The evolutionary paradigm has had a place in AI for a long time [68, 69], mainly as an optimization mechanism [30, 70,71,72,73], but the truly important thing AI can learn from evolution is the set of strategies it uses to generate more and more complex organisms, i.e., evolvability [44,45,46]. As engineers know all too well, building more complex systems can increase the risk of failure exponentially. Evolvability is the capacity to avoid this explosion of risk. It is what makes natural intelligence possible.
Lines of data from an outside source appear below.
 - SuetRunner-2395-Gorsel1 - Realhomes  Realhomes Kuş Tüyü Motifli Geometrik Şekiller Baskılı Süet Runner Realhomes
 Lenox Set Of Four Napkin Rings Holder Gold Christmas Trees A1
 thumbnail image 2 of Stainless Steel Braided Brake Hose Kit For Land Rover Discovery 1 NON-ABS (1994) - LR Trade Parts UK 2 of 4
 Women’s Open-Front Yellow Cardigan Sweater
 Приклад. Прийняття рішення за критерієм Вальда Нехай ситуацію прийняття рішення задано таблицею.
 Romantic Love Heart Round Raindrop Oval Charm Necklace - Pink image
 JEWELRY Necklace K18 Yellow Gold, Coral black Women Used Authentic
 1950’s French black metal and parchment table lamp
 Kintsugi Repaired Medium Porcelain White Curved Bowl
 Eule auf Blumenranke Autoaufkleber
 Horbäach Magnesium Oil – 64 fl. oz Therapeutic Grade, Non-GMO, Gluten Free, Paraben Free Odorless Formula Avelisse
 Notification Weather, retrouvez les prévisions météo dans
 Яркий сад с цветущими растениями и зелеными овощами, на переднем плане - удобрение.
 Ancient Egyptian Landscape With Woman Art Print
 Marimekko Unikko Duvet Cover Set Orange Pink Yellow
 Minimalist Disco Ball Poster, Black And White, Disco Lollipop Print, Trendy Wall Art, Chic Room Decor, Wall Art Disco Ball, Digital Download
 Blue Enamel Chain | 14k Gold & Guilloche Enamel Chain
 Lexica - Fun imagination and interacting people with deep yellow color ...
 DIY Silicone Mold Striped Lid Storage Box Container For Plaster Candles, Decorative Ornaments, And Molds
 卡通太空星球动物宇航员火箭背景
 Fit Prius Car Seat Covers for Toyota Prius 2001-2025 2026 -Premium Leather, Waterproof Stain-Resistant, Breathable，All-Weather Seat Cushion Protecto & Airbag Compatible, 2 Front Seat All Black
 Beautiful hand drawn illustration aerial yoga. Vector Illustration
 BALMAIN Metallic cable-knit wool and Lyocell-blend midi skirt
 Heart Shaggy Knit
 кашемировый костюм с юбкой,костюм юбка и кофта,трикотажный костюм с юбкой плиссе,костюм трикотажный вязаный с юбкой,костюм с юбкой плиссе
The key insight that has emerged from the study of evolvability is that modularity and its diverse modes of deployment play a central role in evolvability [19, 42]. These modes include hierarchical modular composition [74,75,76], encapsulation of critical functions [77, 78], creation of neutral spaces for exploration [79, 80], re-use of modules for different functions [20, 78], and emergent coordination between modules [81, 82]. The brain too has a hierarchical modular structure [22,23,24]. Two important examples of hierarchical modularity enabling complex functions are the cerebral cortex in humans, with its structure of columns [83], hypercolumns [84], cell assemblies [85, 86], etc., and the hierarchical networks underlying motor control [36, 87,88,89,90,91]. Hierarchical modularity is also important because it means that the system is nearly decomposable, i.e., it minimizes cross-module dependencies, which is a key attribute of successful and evolvable complex systems [92, 93]. Evolution exploits this to produce increasingly complex viable systems by deepening modular hierarchies (Fig. 3).

Fig. 3
figure 3

A conceptual view of how evolution builds more complex systems by deepening modular hierarchies with composition and variation

The Role of Development

While evolution has the role of designing potentially useful structures and processes available in all multicellular organisms of any given species, development ensures that each individual organism realizes that potential effectively and efficiently. The importance of a developmental approach to learning has been asserted before in the framework of autonomous mental development, with a focus on autonomy and internal motivation rather than external tuning [24, 31, 34].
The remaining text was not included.